Originating in classical thermodynamics,
over time it has been applied in different sciences such as chemistry and information theory.
%As the informal concept of entropy gains popularity, its specific meaning can feel far-fetched and ambiguous.
The name 'entropy' was first coined by german physicist \textit{Rudolf Clausius} in 1865
while postulating the second law of thermodynamics, one of 3(4)
laws of thermodynamics based on universal observation regarding heat and energy conversion.
Specifically, the second law states that not all thermal energy can be converted into work in a cyclic process.
Or, in other words, that the entropy of an isolated system cannot decrease,
as they always tend toward a state of thermodynamic equilibrium where entropy is highest for a given internal energy.
Another result of this observation is the irreversibility of natural processes, also referred to as the \textit{arrow of time}.
Even though the first law (conservation of energy) allows for a cup falling off a table and breaking
as well as the reverse process of reassembling itself and jumping back onto the table,
the second law only allows the former and denies the latter,
requiring the state with higher entropy to occur later in time.

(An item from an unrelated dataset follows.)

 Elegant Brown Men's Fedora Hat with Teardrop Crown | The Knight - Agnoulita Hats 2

Only 10 years later, in 1875, \textit{Ludwig Boltzmann} and \textit{Willard Gibbs} derived the formal definition
that is still in use in information theory today.
\begin{equation}
S = -k_B \sum_i p_i \ln(p_i)
\end{equation}
It gives statistical meaning to the macroscopic phenomenon of classical thermodynamics
by defining the entropy $S$ of a macrostate as
the result of probabilities $p_i$ of all its constituting micro states.

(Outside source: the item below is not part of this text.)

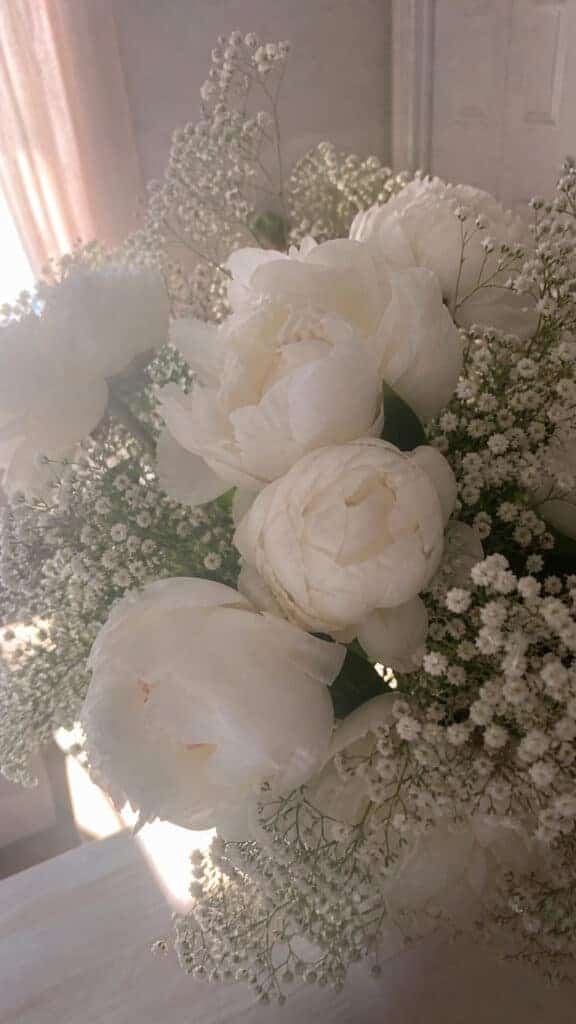 White Peonies with Baby's Breath Clouds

$k_B$ refers to the Boltzmann constant, which he himself did not determine but is part of todays SI system.
\section{Shannon's axioms}
\textit{Claude Shannon} adapted the concept of entropy to information theory.
In an era of advancing communication technologies, the question he addressed was of increasing importance:
How can messages be encoded and transmitted efficiently?
He proposed 3(4) axioms a measure of information would have to comply with:
\begin{enumerate}
\item $I(1) = 0$: events that always occur do not communicate information.
\item $ I'(p) \leq 0$ is monotonically decreasing in p: an increase in the probability of an event
decreases the information from an observed event, and vice versa.
\item $I(p_1 \cdot p_2) = I(p_1) + I(p_2)$: the information learned from independent events
is the sum of the information learned from each event.
\item $I(p)$ is a twice continuously differentiable function of p.
\end{enumerate}
As a measure, Shannon's formula uses the \textit{Bit}, quantifying the efficiency of codes
and media for transmission and storage.
In information theory, entropy can be understood as the expected information of a message.
\begin{equation}
H = E(I) = - \sum_i p_i \log_2(p_i)
\label{eq:entropy-information}
\end{equation}
This leaves $ I =log(1/p_i) = - log_2(p_i)$, implying that an unexpected message (low probability) carries
more information than one with higher probability.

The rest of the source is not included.